=== TASK ===
For the listing below, the answer is an exact retyping of the lines from the one with "Mörkblå mockasneakers med" through the one with "Senior woman swimming", both included, without pictures.

=== DATA TO USE ===
BEGIN

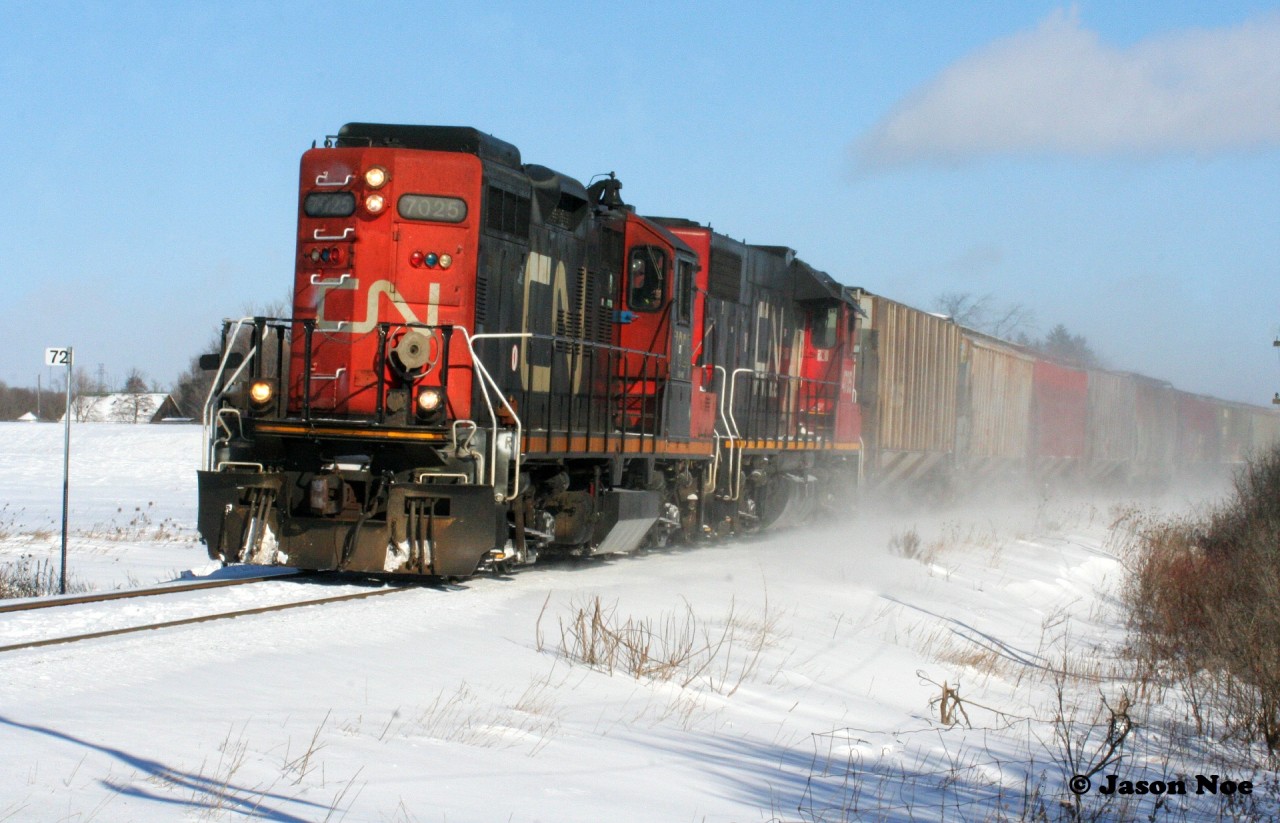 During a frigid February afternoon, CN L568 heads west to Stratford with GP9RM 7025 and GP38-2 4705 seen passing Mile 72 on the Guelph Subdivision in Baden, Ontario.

END
BEGIN

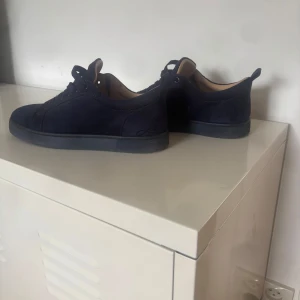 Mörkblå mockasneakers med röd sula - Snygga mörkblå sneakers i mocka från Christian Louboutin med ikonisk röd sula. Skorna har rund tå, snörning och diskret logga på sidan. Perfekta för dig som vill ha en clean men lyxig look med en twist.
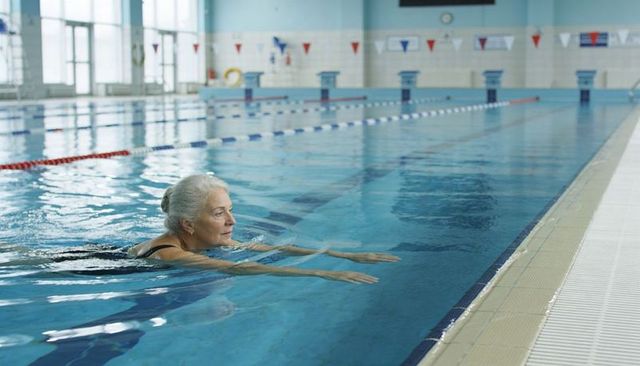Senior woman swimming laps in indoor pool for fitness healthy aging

END
BEGIN

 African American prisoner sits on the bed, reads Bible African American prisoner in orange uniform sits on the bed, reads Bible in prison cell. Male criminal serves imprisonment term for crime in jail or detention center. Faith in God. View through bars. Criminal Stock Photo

END

=== OUTPUT BELOW ===
 Mörkblå mockasneakers med röd sula - Snygga mörkblå sneakers i mocka från Christian Louboutin med ikonisk röd sula. Skorna har rund tå, snörning och diskret logga på sidan. Perfekta för dig som vill ha en clean men lyxig look med en twist.
Senior woman swimming laps in indoor pool for fitness healthy aging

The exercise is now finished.